“Não se pode vender como mercadoria o trabalho humano”

Ministro do Tribunal Superior do Trabalho Luiz Philippe Vieira de Mello Filho recebe homenagem da ANPT no XVI CNPT e aborda, nesta entrevista, a questão da terceirização da atividade fim, a competência da Justiça do Trabalho e, também, temas de interesse para os operadores do Direito
Qual a sua opinião sobre a Ação Civil Pública (ACP) para resolver conflitos trabalhistas?
O importante na ação coletiva não é só a abrangência da lesão e a quantidade de ações que você evita, mas, também, deve ser verificado o aspecto da uniformidade das decisões. Ela é o instrumento que assegura uma igualdade do início ao fim do processo. Não só direito ao processo, mas no processo e na decisão judicial. A ACP possibilita que entes legitimados ingressem em juízo,afastando a pessoalidade daqueles que sofreram a lesão, a fim de prevenir uma lesão ou a própria tutela da lesão perpetrada. Ela tem, por outro lado, trazido as questões mais importantes relativas às violações de direitos fundamentais e de direito do trabalho.

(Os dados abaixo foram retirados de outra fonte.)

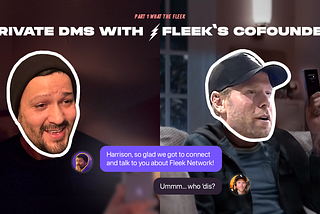 Private DMs With Fleek Network’s Co-Founder Harrison Hines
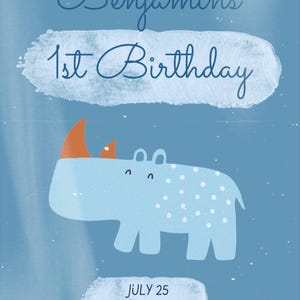 Digital children’s birthday party invitation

A legislação da ACP precisa de uma Reformulação?
Ela tem que ser adequada, porque é uma legislação antiga, muito embora eficiente. Ao longo do tempo algumas questões se mostraram extremamente relevantes e não tiveram a necessária solução jurisdicional, haja vista, por exemplo, aquela que diz da extensão do dano e fixação de competência e vincula indevidamente o efeito da coisa julgada com competência, além da necessidade de um cadastro nacional de ações coletivas, por exemplo.

A terceirização da atividade fim pode significar precarização das relações de trabalho?
O problema é a extensão da terceirização, e o modo como ela é feita.Terceirização de atividade fim, a meu juízo, importa não na precarização do trabalho, mas sim na revogação do Direito do trabalho, que nasceu, efetivamente, para evitar a exploração do homem pelo homem. Não se pode vender como mercadoria o trabalho humano. O que acho mais grave é que, por uma legislação federal administrativa, admite-se terceirização de atividade fim e ninguém cuida de questionar se esse aspecto fere de morte a essência do Direito do Trabalho, que não permite que se faça locação do trabalho humano.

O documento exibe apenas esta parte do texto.